After living in a temperate
rainforest for as long as I have, I don’t have much patience for people who
complain about the weather when the weather isn’t
actually bad to begin with. It is
OK to complain about bad weather; it is not OK to complain about weather that
isn’t perfect. Perfect weather is what
happens in tourist brochures; it is not all that often that a traveller
experiences such weather in real life.
In addition
to great scenery, and interesting plants, there were a good number of birds
around. I saw a few tui, which are
jay-sized birds with a little pouch on their chest made of fluffy white
feathers. There were some terns,
gannets and shearwaters that I saw from the boats, and a few kinds of
cormorants as well. The woods were also
crawling with wekas. A weka is a
native, flightless bird about the size of a chicken, all brown, with reddish
legs and bills. They are tame to the
point of being a little scary, as though they wouldn’t think twice about
snatching your sandwich out of your hands, or ripping your backpack apart to
get at the chocolate bar inside. A few
of the wekas had obviously staked out some of the more popular lunch
spots. At one such stop, a weka would
run out of the woods every time a new hiker arrived, and spend a few minutes
casing out the new arrival, and assessing the potential for food scraps. Once the weka was fed (or not), he would disappearing
back into the woods, only to reappear whenever a new hiker showed up. I did what I would never recommend anyone ever do, and fed the bird a bit of my
tortilla crust. If I’d had food with me that I was sure wouldn’t make the weka
sick, I probably would have fed him more.

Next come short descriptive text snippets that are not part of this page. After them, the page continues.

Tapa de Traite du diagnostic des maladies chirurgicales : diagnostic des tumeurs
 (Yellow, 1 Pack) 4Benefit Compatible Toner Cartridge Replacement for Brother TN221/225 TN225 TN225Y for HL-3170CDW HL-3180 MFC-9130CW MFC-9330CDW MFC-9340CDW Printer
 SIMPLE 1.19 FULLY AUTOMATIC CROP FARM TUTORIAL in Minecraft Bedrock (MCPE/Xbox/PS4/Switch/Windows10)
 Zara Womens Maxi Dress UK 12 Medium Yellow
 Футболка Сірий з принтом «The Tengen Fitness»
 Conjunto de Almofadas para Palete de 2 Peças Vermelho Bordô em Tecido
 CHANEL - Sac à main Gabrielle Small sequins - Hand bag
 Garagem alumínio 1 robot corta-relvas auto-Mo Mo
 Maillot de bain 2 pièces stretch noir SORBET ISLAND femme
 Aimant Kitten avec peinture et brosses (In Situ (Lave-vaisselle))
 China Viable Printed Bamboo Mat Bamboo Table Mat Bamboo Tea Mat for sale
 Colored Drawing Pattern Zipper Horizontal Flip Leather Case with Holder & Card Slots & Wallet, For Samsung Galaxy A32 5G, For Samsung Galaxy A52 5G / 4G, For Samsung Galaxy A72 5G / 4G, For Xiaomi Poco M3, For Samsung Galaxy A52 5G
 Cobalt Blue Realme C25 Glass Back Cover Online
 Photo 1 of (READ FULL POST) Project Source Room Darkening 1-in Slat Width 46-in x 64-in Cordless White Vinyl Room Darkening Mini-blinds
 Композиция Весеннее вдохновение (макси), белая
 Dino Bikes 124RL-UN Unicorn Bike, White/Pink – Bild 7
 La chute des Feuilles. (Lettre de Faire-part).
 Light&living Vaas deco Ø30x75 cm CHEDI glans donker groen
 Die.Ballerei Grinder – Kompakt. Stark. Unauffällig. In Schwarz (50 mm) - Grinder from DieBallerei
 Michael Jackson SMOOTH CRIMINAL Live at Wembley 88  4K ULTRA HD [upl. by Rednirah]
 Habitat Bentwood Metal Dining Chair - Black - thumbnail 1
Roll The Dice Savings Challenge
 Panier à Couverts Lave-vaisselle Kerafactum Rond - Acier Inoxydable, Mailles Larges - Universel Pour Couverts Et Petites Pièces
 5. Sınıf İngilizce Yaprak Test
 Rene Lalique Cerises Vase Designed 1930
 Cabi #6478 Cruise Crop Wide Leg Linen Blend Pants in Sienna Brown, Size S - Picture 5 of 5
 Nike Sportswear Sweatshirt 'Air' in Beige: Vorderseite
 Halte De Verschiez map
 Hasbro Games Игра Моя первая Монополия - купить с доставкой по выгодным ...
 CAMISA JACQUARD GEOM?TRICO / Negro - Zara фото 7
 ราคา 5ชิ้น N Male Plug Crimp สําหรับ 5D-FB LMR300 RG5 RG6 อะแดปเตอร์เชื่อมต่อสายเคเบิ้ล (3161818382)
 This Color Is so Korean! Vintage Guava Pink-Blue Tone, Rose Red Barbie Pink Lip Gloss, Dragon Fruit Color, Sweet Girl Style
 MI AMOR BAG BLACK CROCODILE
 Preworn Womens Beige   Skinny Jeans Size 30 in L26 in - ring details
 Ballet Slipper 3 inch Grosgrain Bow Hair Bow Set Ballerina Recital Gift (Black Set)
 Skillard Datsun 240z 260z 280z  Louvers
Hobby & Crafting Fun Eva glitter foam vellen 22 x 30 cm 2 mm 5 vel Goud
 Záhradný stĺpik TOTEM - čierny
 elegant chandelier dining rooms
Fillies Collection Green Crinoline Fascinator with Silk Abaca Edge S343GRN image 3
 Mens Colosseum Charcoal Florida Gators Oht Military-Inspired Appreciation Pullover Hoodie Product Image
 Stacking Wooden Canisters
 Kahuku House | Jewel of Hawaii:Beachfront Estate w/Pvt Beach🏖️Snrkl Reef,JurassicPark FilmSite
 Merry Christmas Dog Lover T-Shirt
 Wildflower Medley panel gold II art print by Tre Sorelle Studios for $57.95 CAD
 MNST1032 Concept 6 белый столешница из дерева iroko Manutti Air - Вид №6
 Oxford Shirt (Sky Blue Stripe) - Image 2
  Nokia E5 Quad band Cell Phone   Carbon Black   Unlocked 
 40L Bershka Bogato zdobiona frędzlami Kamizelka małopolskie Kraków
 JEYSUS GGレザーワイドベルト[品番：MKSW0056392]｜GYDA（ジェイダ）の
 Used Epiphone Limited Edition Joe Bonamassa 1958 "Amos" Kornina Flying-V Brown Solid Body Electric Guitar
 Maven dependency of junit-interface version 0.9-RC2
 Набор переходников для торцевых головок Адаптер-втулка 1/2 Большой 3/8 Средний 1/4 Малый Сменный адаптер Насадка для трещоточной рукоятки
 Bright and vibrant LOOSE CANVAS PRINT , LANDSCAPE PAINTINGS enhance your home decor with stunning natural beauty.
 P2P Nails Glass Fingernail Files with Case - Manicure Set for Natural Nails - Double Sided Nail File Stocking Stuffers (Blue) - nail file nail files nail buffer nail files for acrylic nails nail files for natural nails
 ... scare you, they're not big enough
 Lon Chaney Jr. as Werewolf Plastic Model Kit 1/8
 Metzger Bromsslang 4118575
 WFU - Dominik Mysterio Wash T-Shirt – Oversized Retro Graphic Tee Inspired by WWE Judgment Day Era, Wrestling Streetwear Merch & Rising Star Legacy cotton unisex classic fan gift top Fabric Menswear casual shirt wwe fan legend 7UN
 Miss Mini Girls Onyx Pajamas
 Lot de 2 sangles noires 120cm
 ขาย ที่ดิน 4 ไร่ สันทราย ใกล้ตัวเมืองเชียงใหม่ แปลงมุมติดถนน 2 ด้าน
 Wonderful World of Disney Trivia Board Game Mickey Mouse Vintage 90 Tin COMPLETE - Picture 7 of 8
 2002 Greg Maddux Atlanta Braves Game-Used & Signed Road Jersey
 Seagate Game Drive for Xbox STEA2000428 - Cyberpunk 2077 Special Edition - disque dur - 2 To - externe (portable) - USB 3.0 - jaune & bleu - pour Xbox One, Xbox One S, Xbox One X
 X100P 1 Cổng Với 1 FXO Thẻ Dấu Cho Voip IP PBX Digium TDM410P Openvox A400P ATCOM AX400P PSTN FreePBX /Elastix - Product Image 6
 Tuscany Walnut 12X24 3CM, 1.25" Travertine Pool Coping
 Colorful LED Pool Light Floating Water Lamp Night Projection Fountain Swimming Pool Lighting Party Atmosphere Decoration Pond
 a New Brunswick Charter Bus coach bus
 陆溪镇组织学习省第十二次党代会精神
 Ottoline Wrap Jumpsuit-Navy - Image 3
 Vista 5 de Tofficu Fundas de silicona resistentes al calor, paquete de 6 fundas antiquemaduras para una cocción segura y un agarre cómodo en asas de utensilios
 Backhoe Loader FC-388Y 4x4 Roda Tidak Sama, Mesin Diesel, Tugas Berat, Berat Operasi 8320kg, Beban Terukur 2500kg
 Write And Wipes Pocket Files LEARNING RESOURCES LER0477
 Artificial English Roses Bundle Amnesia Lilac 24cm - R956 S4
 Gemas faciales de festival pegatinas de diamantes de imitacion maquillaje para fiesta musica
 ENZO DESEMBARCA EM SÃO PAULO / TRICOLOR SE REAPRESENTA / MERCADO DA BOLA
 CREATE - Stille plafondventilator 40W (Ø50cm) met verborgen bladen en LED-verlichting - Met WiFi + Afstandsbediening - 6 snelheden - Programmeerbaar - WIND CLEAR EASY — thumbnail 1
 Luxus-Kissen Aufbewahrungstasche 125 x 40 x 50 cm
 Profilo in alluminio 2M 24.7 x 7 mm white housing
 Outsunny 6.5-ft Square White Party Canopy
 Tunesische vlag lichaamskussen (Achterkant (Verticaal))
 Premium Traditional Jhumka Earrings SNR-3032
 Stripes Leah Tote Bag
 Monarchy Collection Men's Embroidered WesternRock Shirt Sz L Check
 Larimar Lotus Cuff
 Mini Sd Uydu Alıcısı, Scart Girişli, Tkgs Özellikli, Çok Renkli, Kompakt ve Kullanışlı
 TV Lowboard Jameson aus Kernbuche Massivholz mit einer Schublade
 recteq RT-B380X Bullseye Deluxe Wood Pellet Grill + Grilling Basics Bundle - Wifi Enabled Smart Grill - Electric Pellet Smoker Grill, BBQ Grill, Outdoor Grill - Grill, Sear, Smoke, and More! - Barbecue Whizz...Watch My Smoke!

(The wekas choosing to employ more traditional food-gathering techniques
were pulling insects out of the ground, and from under decaying branches and
tree stumps. If they eat insects, I’m
guessing the wekas would take to sandwich meat pretty readily. Unfortunately for them, I’m a
vegetarian.)
The end of
the hike (for me at least) was in Endeavor Inlet (all of these coves are named
for Captain Cook’s various ships, by the way) at Furneaux Lodge, one of a
cluster of private houses and lodges in the bay. There’s no actual road there; all of the
properties are accessed by water, or by the Queen Charlotte track itself, and
for about two hundred yards the trail ran basically right through the front
gardens of a lot of these properties, between the houses and the docks or
beaches below. That part of the trail
was actually lovely; all of the gardens, and the docks and houses themselves
were a nice change of pace from walking through the forest. About forty-five minutes after I got to the
lodge, the water taxi picked me up and took me back to Picton. That night, I got chatting with a New
Zealand country music songwriter who was also staying at my hostel, and have an
invitation down to Christchurch to play violin with her band for a benefit gig
later this month. (Not sure if I’ll be
able to go down there or not; it depends on whether I’m working or not…) All in all, it was a really lovely day.